Using the records provided below, locate and copy each line that contains the word "from".

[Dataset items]
*** Block opens ***
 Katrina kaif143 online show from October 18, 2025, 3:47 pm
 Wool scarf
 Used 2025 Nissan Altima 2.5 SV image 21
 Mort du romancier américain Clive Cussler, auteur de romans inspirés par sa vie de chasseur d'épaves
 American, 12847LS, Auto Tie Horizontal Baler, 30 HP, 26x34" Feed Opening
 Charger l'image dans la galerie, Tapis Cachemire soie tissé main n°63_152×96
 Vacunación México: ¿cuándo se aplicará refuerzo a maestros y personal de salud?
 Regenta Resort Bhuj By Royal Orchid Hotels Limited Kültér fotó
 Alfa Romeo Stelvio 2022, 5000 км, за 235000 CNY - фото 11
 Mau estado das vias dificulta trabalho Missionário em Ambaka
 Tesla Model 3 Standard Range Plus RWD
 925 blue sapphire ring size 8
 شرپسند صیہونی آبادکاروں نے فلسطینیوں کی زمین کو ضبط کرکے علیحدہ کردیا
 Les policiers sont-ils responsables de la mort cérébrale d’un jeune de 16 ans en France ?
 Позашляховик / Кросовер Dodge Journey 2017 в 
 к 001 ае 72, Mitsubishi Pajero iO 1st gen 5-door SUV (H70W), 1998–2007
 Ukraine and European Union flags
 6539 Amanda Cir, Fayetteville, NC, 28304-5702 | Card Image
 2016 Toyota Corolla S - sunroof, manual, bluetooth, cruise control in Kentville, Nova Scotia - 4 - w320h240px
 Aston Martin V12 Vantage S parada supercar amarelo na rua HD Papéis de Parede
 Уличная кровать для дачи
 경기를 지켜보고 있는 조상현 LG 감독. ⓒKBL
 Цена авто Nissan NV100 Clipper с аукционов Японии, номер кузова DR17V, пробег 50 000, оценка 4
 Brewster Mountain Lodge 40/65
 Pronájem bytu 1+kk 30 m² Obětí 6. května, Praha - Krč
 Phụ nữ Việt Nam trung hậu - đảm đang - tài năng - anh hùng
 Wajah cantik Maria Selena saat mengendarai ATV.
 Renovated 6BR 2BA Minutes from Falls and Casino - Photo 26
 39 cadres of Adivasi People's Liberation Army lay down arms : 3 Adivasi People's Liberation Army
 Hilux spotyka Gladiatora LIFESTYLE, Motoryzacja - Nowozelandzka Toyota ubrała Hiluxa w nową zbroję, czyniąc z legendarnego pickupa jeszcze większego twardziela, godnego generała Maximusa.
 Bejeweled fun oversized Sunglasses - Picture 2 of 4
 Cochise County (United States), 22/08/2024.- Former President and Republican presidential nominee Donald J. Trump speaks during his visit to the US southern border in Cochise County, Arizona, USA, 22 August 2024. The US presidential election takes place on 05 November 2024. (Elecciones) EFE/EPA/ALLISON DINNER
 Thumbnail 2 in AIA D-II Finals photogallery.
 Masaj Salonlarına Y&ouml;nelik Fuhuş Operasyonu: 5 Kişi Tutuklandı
*** Block closes ***
### Response area
 Katrina kaif143 online show from October 18, 2025, 3:47 pm
 Renovated 6BR 2BA Minutes from Falls and Casino - Photo 26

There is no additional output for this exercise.